La selezione dei frutti fa bene al retail

Grazie al supporto tecnologico la classificazione dell’ortofrutta sta diventando una pratica sempre più esatta che consente di suddividere i prodotti in base ai parametri gustativi preferiti dai consumatori o alla shelf life residua del frutto o dell’ortaggio, in modo da poter definire a priori il mercato in cui indirizzarlo.

I parametri quali-quantitativi sulla base dei quali si possono impostare le macchine sono molteplici.

“Le tecnologie per la classificazione dell’ortofrutta non sono rigidamente predefinite da noi costruttori, ma sono il frutto della relazione con il cliente e sviluppate in base agli indicatori ritenuti strategici dall’azienda utilizzatrice -afferma Angelo Benedetti, presidente Unitec-. Sempre di più, per dare valore all’ortofrutta, sarà importante creare delle ulteriori classificazioni.

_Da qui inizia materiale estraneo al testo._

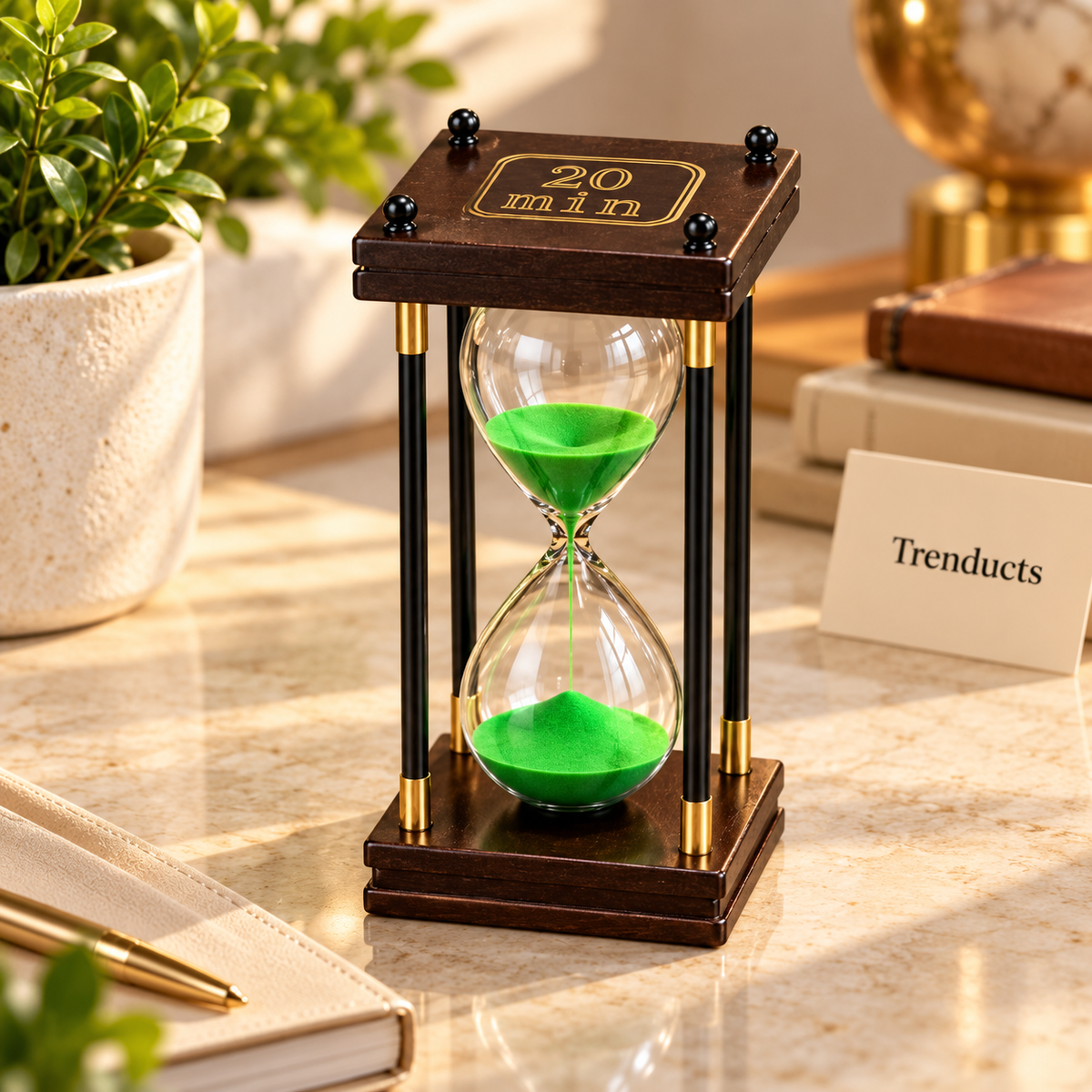20 Minute Wooden Frame Hourglass Sand Timer for Desk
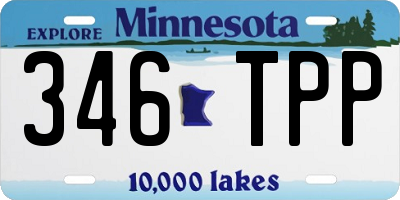 MN license plate 346TPP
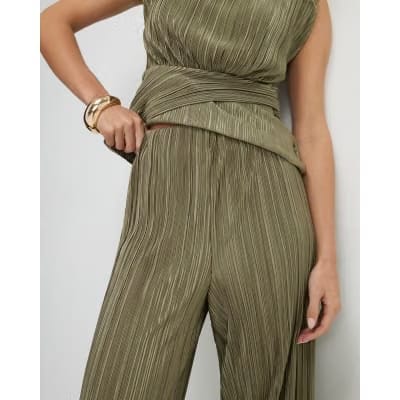 Petite Green Plisse Wide Leg Trousers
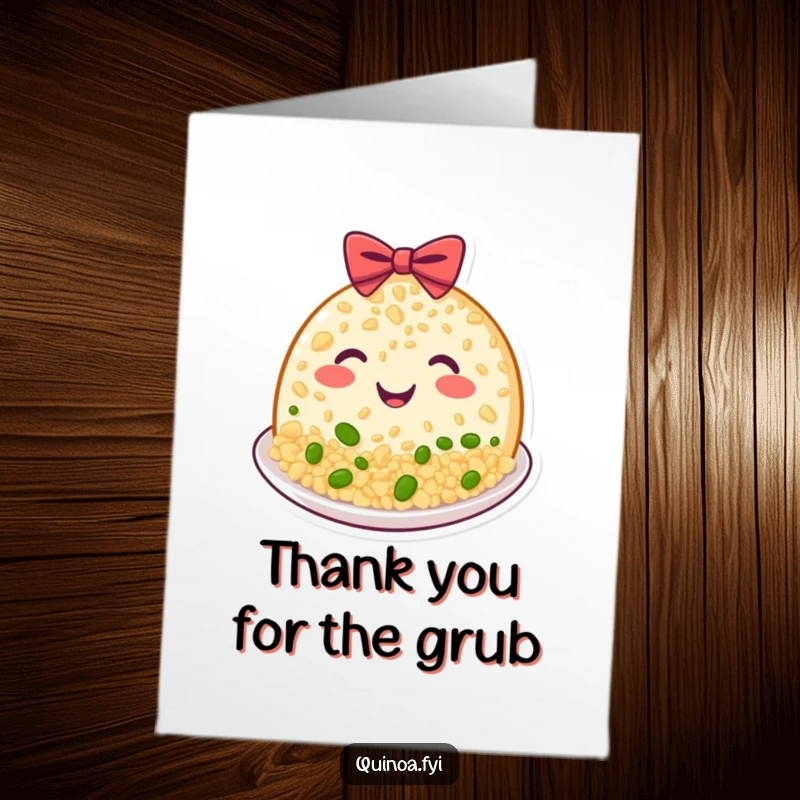 Funny Free Printable Thank You Card: Beaming plate of quinoa with a happy grin giving a bow, showing gratitude.
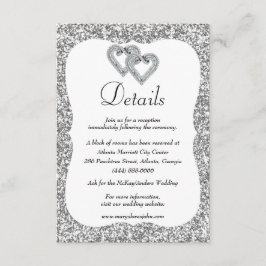 Tarjeta De Recepción Detalles del Boda del Purpurina Silver Diamond Hea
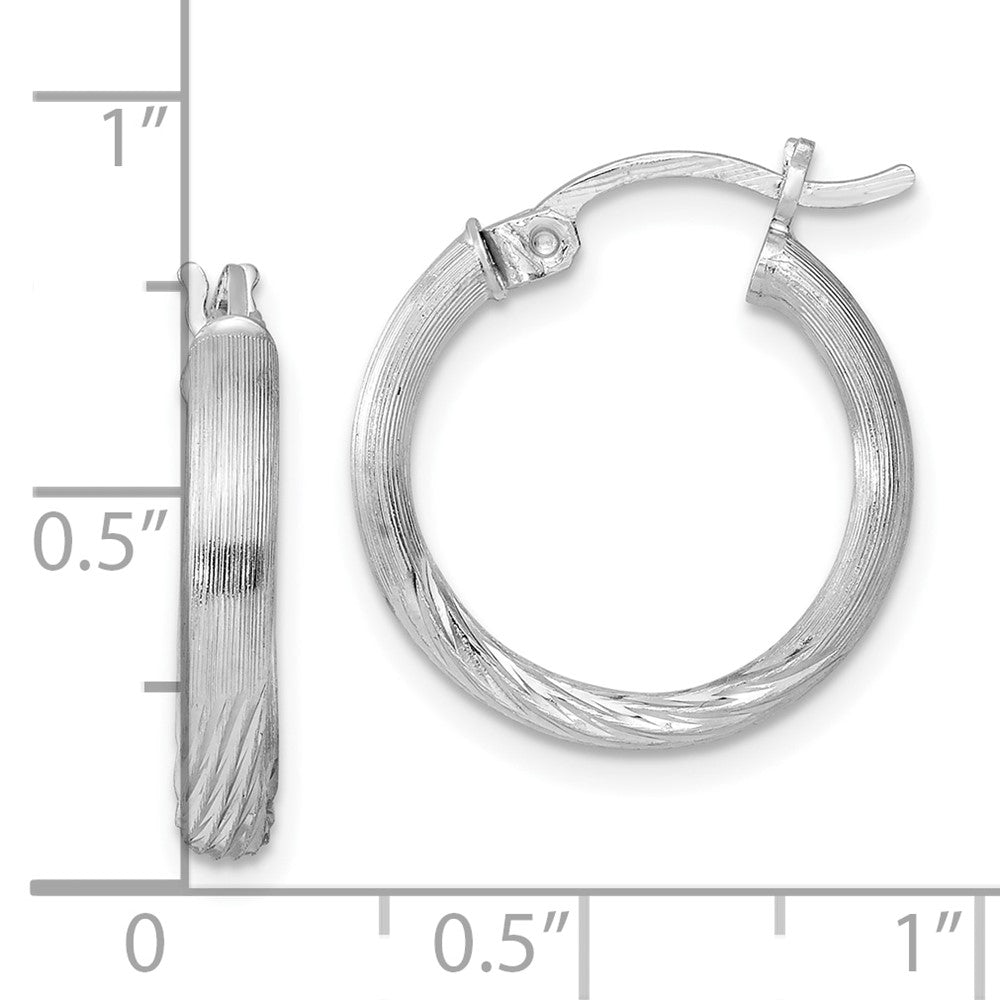 Alternate view of the 2.5mm, Satin, Diamond Cut Sterling Silver Hoops - 17mm (5/8 Inch) by The Black Bow Jewelry Co.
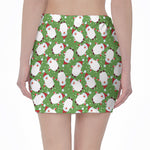 Cartoon Santa Claus Pattern Print Pencil Mini Skirt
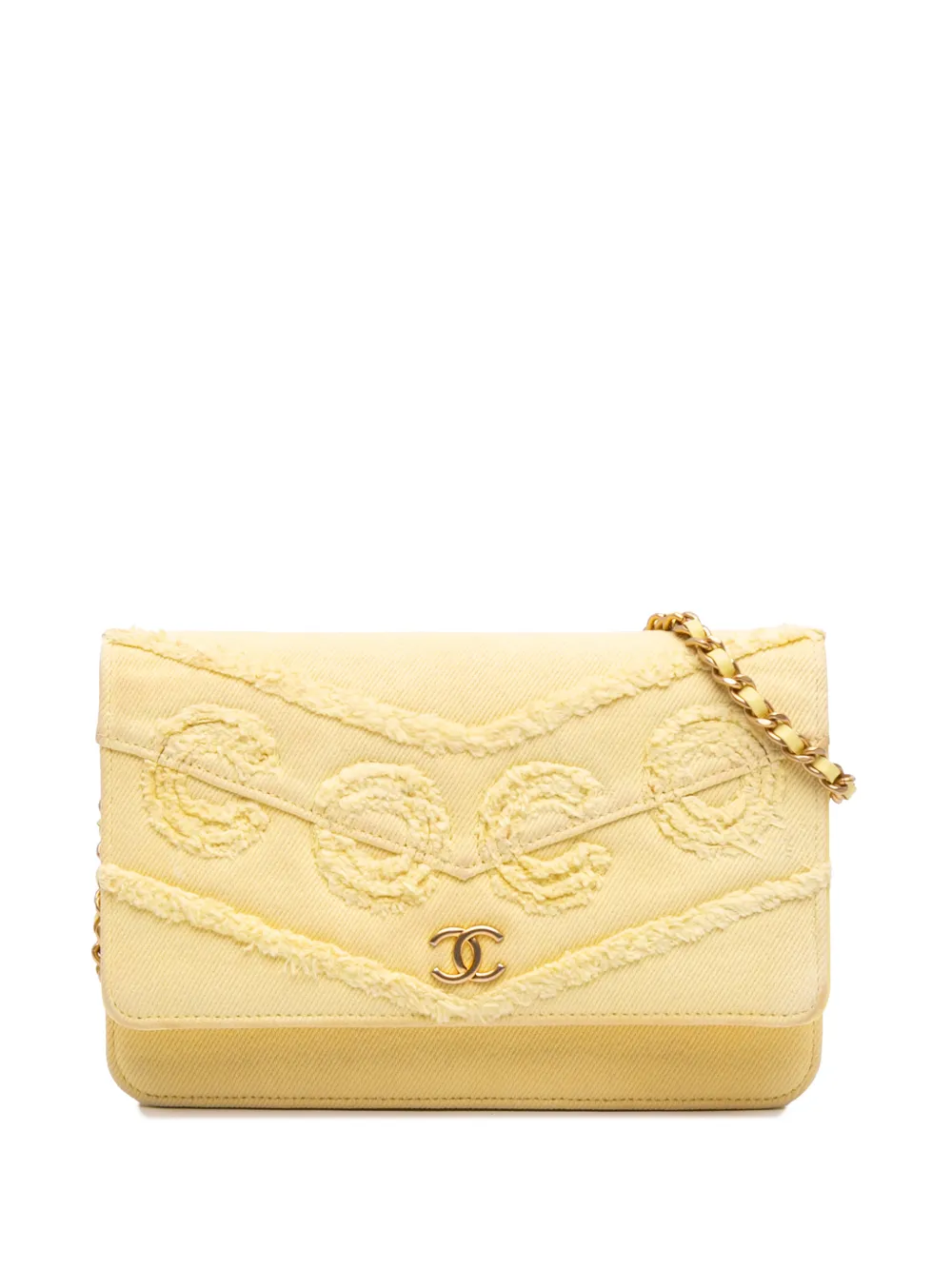 CHANEL Pre-Owned portefeuille à bride en chaîne (2019) - Jaune
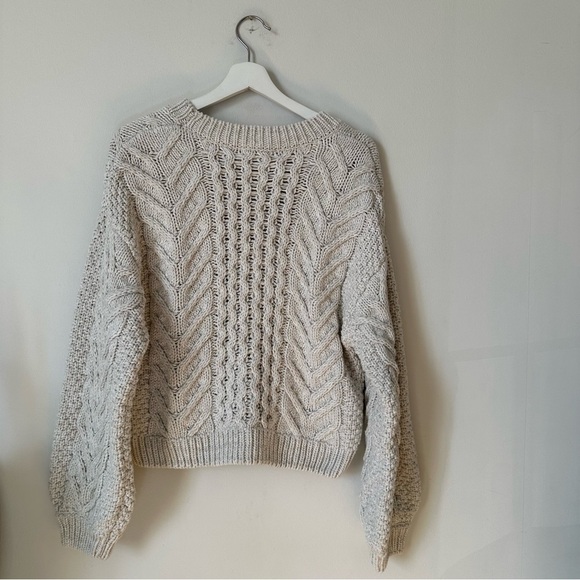 Rebecca Minkoff Blake Pearl Embellished Cable Knit Sweater in Cream Size Medium - Picture 5 of 12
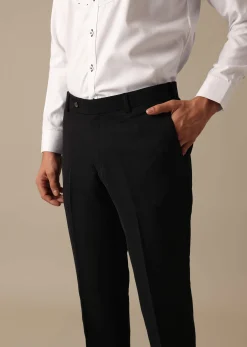 Black Blazer And Pant Set With Embroidered Detail Tuxedo Set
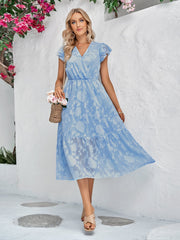 Rebecca V-Neck A-Line Dress: Floral Flutter Sleeve Surplice Midi Newgew Dresses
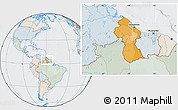 Political Location Map of Guyana, lighten, semi-desaturated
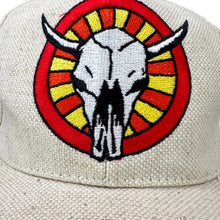 Load image into Gallery viewer, Cow Skull Flat Bill Snapback Cap One Size Cotton Linen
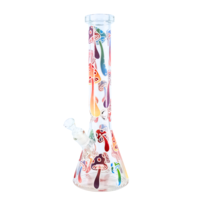 Red Eye Glass 15" Mushroom Magic Glow-In-Dark Beaker Bong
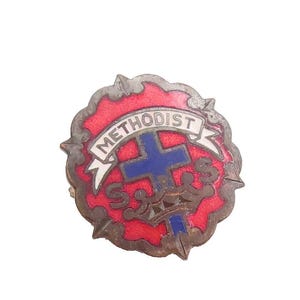925 Sterling Silver Vintage Brooch Pin Blue Red Enameled Antique Logo BP10720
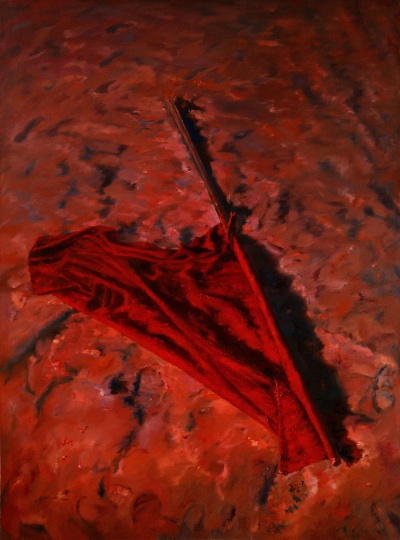 尹朝阳《英雄远去》 200×150cm 布面油画  2001
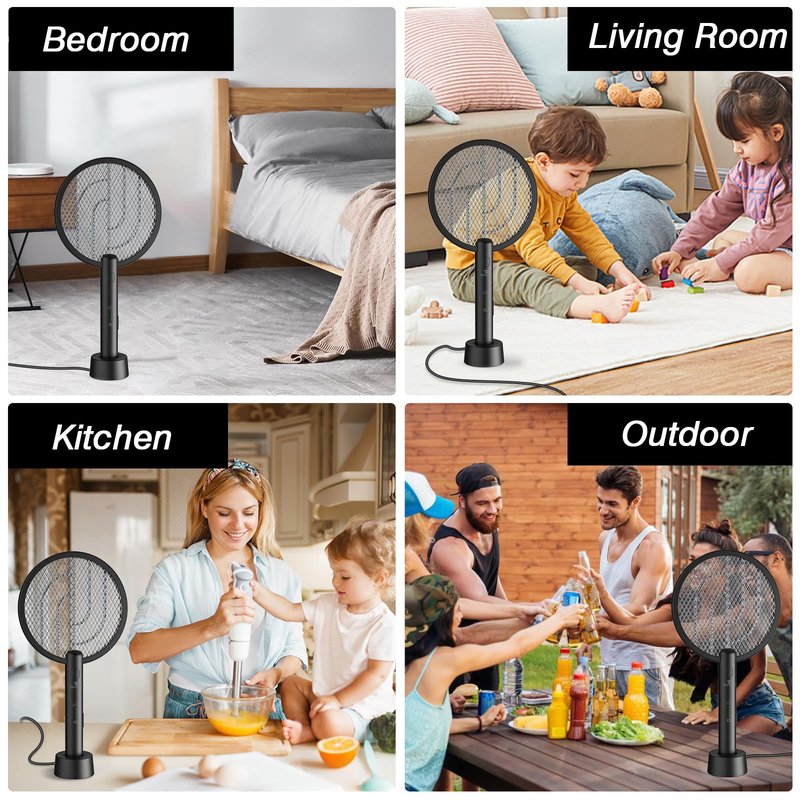 Gooqand Bug Zapper Racket, 2 Mode Fly Swatter USB Rechargeable, 4000V Electric Fly Zapper with 3 Layer Safety Mesh,Electric Racket for Kitchen, Home, Garden and Outdoors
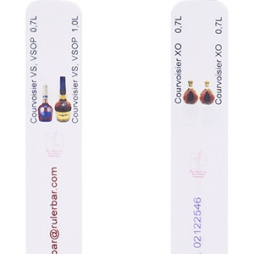 Линейка Курвуазье VSOP0 0.7, 1л XO 0.7л; пластик; L=28, B=2см; белый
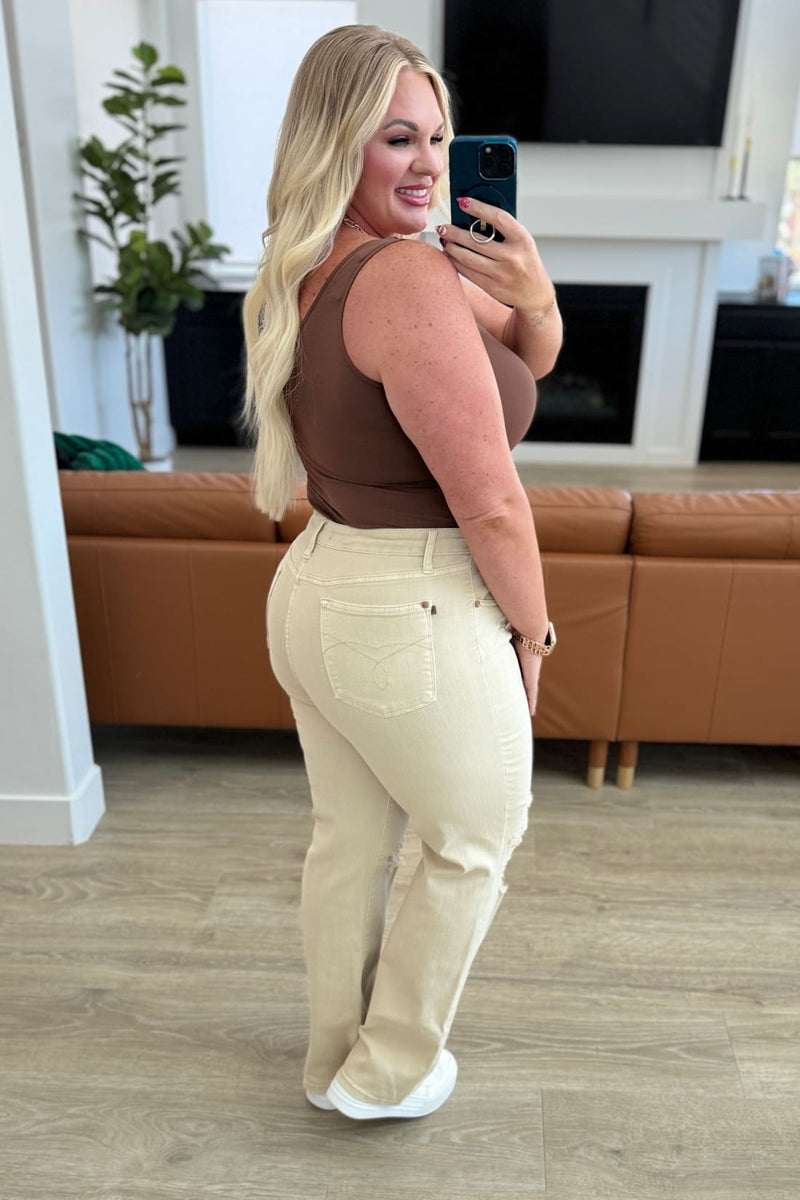 Selena High Rise Distressed 90’s Straight Jeans in Bone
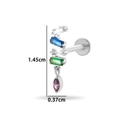 Silver titanium flat back earring with colorful zircon drop pendant for cartilage - 4-Tier Rectangular with Teardrop Pendant (T2513-7#) / Silver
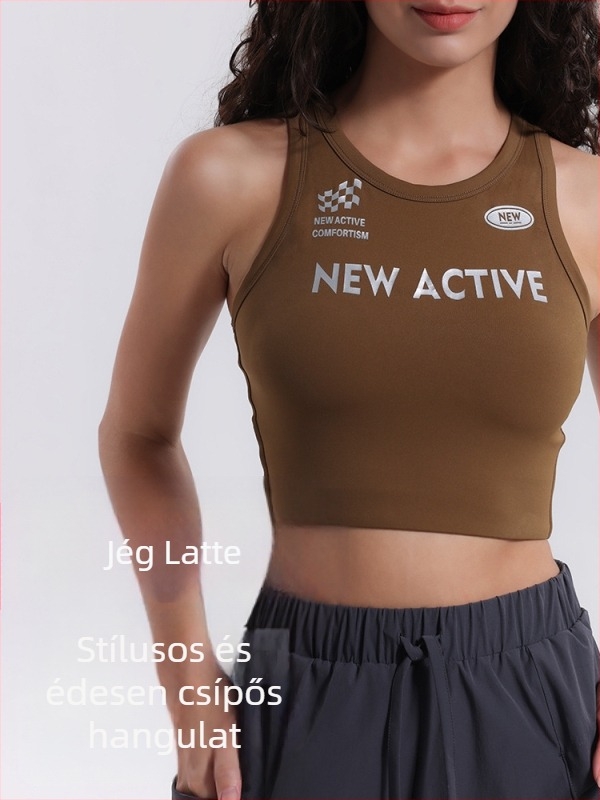 TYAK Jóga felső sportmelltartóval, teljes kosár, Nylon 75% / Spandex 25%, közepes kosárforma, rögzített dupla vállpántok, futáshoz és edzéshez
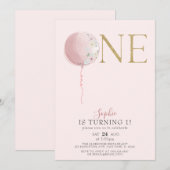 Ballonroze en goudmeisjes 1e verjaardag kaart (Voorkant / Achterkant)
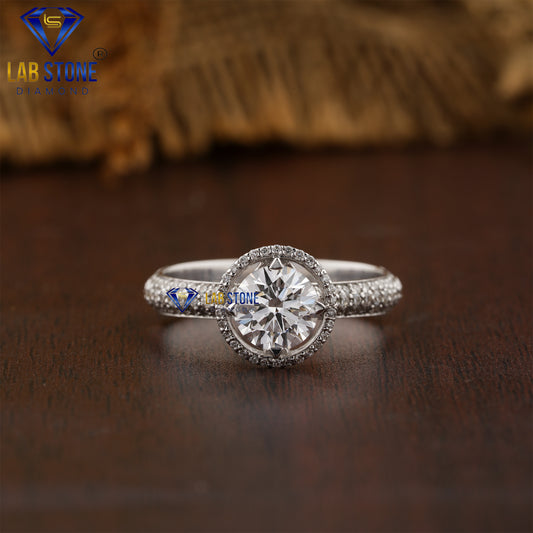 1.42 TDW Round Cut Diamond Women’s Halo Ring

Però, se gli operatori sono tutti concordi sulla necessità di separare i prodotti difettosi e soggetti a contestazioni, il passaggio a una maggiore segmentazione trova delle resistenze da parte del mondo della commercializzazione che teme un declassamento di alcune categorie di prodotto. Credo invece che questo legittimo timore possa essere trasformato in “fiducia” dando più spazio a nuove categorizzazioni ritenute finora poco rilevanti, le quali potrebbero suscitare un concreto interesse. Per esempio per fare un buon frullato è meglio avere un frutto con tanta acqua, mentre per l’impiego nell’industria dolciaria sono necessari frutti con un buon livello di sostanza secca. Dobbiamo avvicinare l’ortofrutta al mondo dai gusti standardizzati dei consumatori in modo da soddisfarli con continuità. Questo è e sarà il porto sicuro per lo sviluppo del settore nel prossimo futuro”.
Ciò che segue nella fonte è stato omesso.